* TASK TO CARRY OUT
When you reach the line in the data below that contains "Apple Telefoni cellulari", please start repeating lines exactly, and stop after the line that contains "Al menos 18", repeating nothing else.

BEGIN TASK DATA

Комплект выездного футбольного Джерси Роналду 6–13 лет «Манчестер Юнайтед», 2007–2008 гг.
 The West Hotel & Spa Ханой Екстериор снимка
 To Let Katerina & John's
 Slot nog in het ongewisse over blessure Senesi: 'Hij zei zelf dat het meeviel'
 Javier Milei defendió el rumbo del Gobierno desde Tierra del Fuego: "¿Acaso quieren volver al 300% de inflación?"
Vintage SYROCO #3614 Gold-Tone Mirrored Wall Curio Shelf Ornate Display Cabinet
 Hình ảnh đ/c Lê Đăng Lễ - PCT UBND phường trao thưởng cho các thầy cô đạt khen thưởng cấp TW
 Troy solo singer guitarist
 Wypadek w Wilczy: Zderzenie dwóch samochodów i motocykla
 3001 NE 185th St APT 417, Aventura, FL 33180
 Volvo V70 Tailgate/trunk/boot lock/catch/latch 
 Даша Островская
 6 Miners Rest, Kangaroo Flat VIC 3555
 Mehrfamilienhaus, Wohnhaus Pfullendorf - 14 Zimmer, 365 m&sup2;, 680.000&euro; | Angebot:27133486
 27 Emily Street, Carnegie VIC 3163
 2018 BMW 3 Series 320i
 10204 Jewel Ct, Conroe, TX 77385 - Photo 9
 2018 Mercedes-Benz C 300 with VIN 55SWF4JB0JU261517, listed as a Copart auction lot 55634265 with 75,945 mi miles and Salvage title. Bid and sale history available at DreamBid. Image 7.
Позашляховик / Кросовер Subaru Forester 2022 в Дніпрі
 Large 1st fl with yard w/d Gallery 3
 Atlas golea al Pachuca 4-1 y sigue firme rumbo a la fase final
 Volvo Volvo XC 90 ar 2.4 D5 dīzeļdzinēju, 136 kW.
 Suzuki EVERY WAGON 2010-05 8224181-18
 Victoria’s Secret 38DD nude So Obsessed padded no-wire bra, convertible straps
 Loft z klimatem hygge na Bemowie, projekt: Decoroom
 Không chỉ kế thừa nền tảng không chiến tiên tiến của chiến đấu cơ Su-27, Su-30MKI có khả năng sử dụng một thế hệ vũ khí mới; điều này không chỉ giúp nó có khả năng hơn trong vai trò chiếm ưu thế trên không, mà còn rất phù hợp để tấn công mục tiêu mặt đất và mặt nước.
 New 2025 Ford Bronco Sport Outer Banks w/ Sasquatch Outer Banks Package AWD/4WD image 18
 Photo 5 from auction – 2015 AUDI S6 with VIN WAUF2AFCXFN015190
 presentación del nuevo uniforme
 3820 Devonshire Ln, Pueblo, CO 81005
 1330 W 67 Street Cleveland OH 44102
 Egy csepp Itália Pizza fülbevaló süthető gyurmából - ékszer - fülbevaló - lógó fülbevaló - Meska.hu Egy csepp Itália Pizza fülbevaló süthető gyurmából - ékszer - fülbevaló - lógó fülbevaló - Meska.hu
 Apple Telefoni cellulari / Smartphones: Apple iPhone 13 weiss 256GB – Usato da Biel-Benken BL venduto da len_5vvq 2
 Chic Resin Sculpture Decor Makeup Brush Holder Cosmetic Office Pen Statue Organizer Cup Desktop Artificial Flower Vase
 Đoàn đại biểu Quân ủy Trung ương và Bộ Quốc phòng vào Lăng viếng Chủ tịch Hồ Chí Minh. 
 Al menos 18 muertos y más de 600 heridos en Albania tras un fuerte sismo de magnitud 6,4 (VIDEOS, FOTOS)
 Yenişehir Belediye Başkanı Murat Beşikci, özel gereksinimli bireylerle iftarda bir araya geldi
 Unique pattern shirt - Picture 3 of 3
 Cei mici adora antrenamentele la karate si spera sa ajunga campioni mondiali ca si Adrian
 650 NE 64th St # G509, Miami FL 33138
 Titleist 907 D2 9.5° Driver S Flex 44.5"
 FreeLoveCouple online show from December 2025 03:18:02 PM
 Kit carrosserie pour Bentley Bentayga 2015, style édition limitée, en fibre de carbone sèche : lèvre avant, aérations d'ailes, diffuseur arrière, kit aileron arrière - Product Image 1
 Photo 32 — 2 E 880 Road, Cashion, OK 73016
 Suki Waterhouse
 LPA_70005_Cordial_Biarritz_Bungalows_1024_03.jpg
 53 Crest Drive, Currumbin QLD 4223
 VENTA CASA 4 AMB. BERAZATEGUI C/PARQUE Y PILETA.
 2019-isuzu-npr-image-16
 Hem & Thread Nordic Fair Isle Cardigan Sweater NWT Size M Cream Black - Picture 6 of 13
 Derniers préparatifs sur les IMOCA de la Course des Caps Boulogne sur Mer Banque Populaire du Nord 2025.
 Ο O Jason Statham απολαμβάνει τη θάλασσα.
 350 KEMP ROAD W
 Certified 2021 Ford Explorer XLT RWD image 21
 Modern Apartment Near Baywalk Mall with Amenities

END TASK DATA

* EXERCISE RESULT
 Apple Telefoni cellulari / Smartphones: Apple iPhone 13 weiss 256GB – Usato da Biel-Benken BL venduto da len_5vvq 2
 Chic Resin Sculpture Decor Makeup Brush Holder Cosmetic Office Pen Statue Organizer Cup Desktop Artificial Flower Vase
 Đoàn đại biểu Quân ủy Trung ương và Bộ Quốc phòng vào Lăng viếng Chủ tịch Hồ Chí Minh. 
 Al menos 18 muertos y más de 600 heridos en Albania tras un fuerte sismo de magnitud 6,4 (VIDEOS, FOTOS)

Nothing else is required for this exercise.